Who-Spoke-When / README.md
ConvxO2's picture
Restore required Spaces YAML configuration in README
411e5d6
metadata
title: Who Spoke When
emoji: 🎙️
colorFrom: blue
colorTo: indigo
sdk: docker
app_file: app/main.py
pinned: false

Who Spoke When

Speaker diarization service and web app: upload audio and get who spoke when segments.

The project now runs with a hybrid pipeline:

  • Preferred: pyannote/speaker-diarization-3.1 (best quality)
  • Fallback: VAD + ECAPA-TDNN embeddings + agglomerative clustering

What You Get

  • FastAPI backend (/diarize, /diarize/url, /health)
  • Web UI (/) for file upload and timeline view
  • CLI demo (demo.py)
  • Automatic fallback if pyannote models are unavailable

Project Structure

app/
  main.py         FastAPI app and endpoints
  pipeline.py     Hybrid diarization pipeline
models/
  embedder.py     ECAPA-TDNN embedding extractor
  clusterer.py    Speaker clustering logic
utils/
  audio.py        Audio and export helpers
static/
  index.html      Web UI
Dockerfile
requirements.txt
README.md

Quick Start (Local)

1. Create and activate a virtual environment

Windows PowerShell:

python -m venv .venv
.\.venv\Scripts\Activate.ps1

Linux/macOS:

python -m venv .venv
source .venv/bin/activate

2. Install dependencies

pip install -r requirements.txt

3. (Recommended) Set Hugging Face token

pyannote models are gated. Create a token at https://huggingface.co/settings/tokens.

Windows PowerShell:

$env:HF_TOKEN="your_token_here"

Linux/macOS:

export HF_TOKEN="your_token_here"

4. Run API server

uvicorn app.main:app --host 0.0.0.0 --port 8000

Open:

  • UI: http://localhost:8000
  • API docs: http://localhost:8000/docs

Web UI Notes

  • The UI now defaults to same-origin API (/diarize), so it works on Hugging Face Spaces.
  • If you manually set a custom endpoint, ensure it allows CORS and is reachable from browser.

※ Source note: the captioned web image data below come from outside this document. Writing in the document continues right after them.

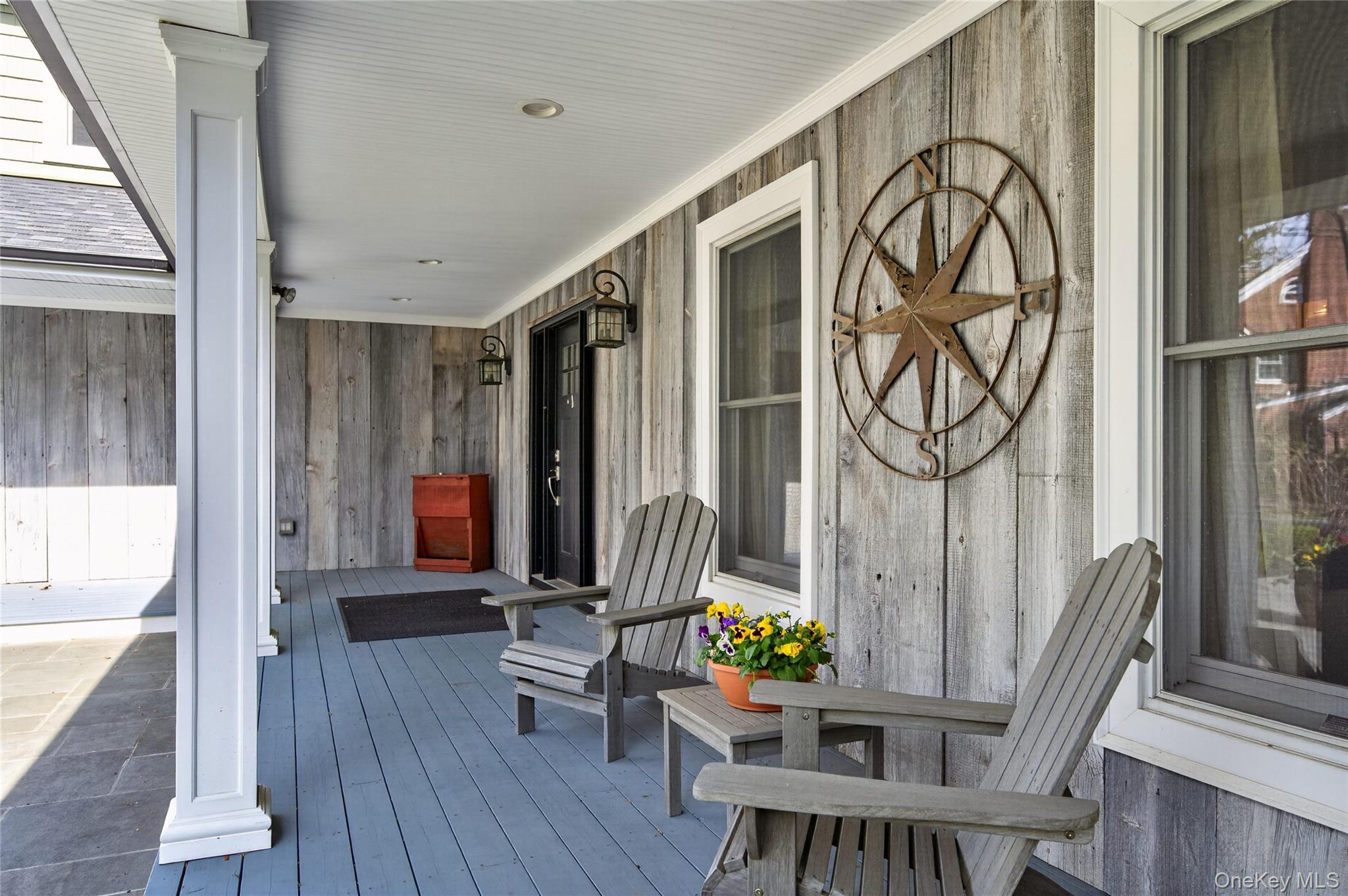 21 Midland Street Cold Spring Harbor, NY 11724 - Photo 6 of 44 a dining room with furniture entryway and wooden floor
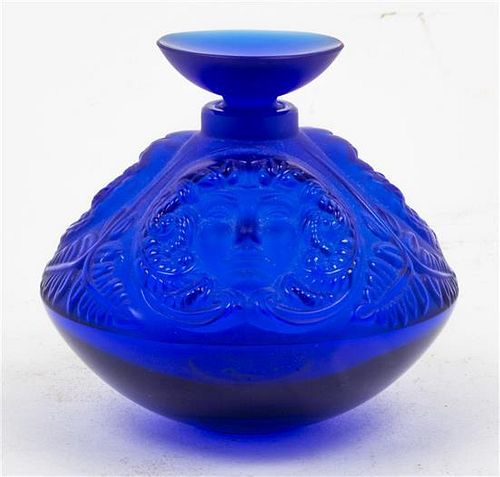 * A Lalique Molded and Frosted Glass Psyche Perfume Bottle Height 3 1/2 inches.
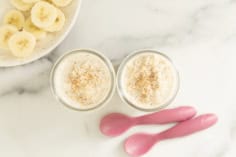 Two jars of banana overnight oats topped with cinnamon beside sliced banana and pink spoons.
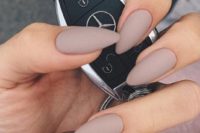 22 light grey matte manicure with a single statement nail done with rhinestones is a bold idea for a timeless look
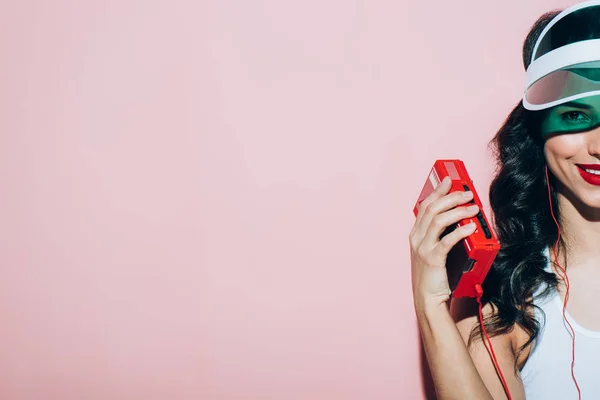 Teilansicht einer lächelnden Frau mit Retro-Musikplayer auf rosa Hintergrund — Stockfoto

Hugging Face Spaces Deployment

Requirements

  1. Space created (Docker SDK)
  2. Space secret HF_TOKEN configured
  3. Terms accepted for:

Push code

Push main branch to your Space repo remote:

git push huggingface main

If push fails with unauthorized:

  • Use a token with Write role (not Read)
  • Confirm token owner has access to the target namespace

API

GET /health

Returns service health and device.

POST /diarize

Upload an audio file.

Form fields:

  • file: audio file
  • num_speakers (optional): force known number of speakers

Example:

curl -X POST http://localhost:8000/diarize \
  -F "file=@meeting.mp3" \
  -F "num_speakers=2"

POST /diarize/url

Diarize audio from a remote URL.

Example:

curl -X POST "http://localhost:8000/diarize/url?audio_url=https://example.com/sample.wav"

CLI Usage

python demo.py --audio meeting.wav
python demo.py --audio meeting.wav --speakers 2
python demo.py --audio meeting.wav --output result.json --rttm result.rttm --srt result.srt

Configuration (Environment Variables)

Variable Default Description
HF_TOKEN unset Hugging Face token for gated pyannote models
CACHE_DIR temp model cache path Model download/cache directory
USE_PYANNOTE_DIARIZATION true Enable full pyannote diarization first
PYANNOTE_DIARIZATION_MODEL pyannote/speaker-diarization-3.1 pyannote diarization model id

How the Pipeline Works

  1. Load and normalize audio
  2. Try full pyannote diarization (best quality)
  3. If unavailable/fails, fallback to:
    • VAD (pyannote VAD or energy VAD)
    • Sliding windows
    • ECAPA embeddings
    • Agglomerative clustering
  4. Merge adjacent same-speaker segments

Troubleshooting

1) UI shows Error: Failed to fetch

Likely wrong API endpoint. Use same-origin /diarize in deployed UI.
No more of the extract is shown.